As data-driven decision making and automated systems achieve unprecedented performance and are increasingly deployed in critical domains such as healthcare, law, and finance, ensuring their trustworthiness and safety becomes paramount. A fundamental aspect of trustworthy AI systems is their ability to accurately assess and communicate their epistemic uncertainty – the extent to which they are uncertain about a given input based on their training data. While various methods exist for quantifying epistemic uncertainty in machine learning models, current approaches either incur prohibitive computational costs or fail to provide sufficiently accurate uncertainty estimates for practical use.
We propose a novel gradient-based framework for estimating epistemic uncertainty in machine
learning models. Our approach obtains a model’s prediction, generates counterfactual outputs as hypothetical labels, and measures the resulting gradient magnitudes to assess how easily the model’s parameters would be influenced by alternatives. The core hypothesis is that higher gradient magnitudes indicate greater epistemic uncertainty, as they reveal the model’s susceptibility to alternative possibilities. While this method is applicable to machine learning models in general, it is particularly wellsuited to NLP tasks due to the natural variability in linguistic expression, which provides a rich space of meaningful counterfactuals.

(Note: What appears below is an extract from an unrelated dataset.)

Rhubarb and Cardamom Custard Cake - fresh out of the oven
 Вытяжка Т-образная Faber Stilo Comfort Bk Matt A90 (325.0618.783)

We will evaluate our method through empirical studies comparing its correlation with established uncertainty quantification techniques on standard benchmarks. We will investigate how our uncertainty measure predicts instances of model hallucination and analyze linguistic patterns that govern effective counterfactual generation. These insights will inform mechanisms to communicate model uncertainty through natural language. Our collaboration with mental healthcare researchers will evaluate the approach on therapeutic dialogue analysis for psychiatric disorders, demonstrating direct real-world impact.
This research aims to advance the field of trustworthy AI by providing a computationally efficient and accurate method for uncertainty quantification. The findings will have immediate practical impact in improving the safety and reliability of machine learning systems, e.g. in mental healthcare where therapeutic dialogue analysis requires high confidence in identified patterns.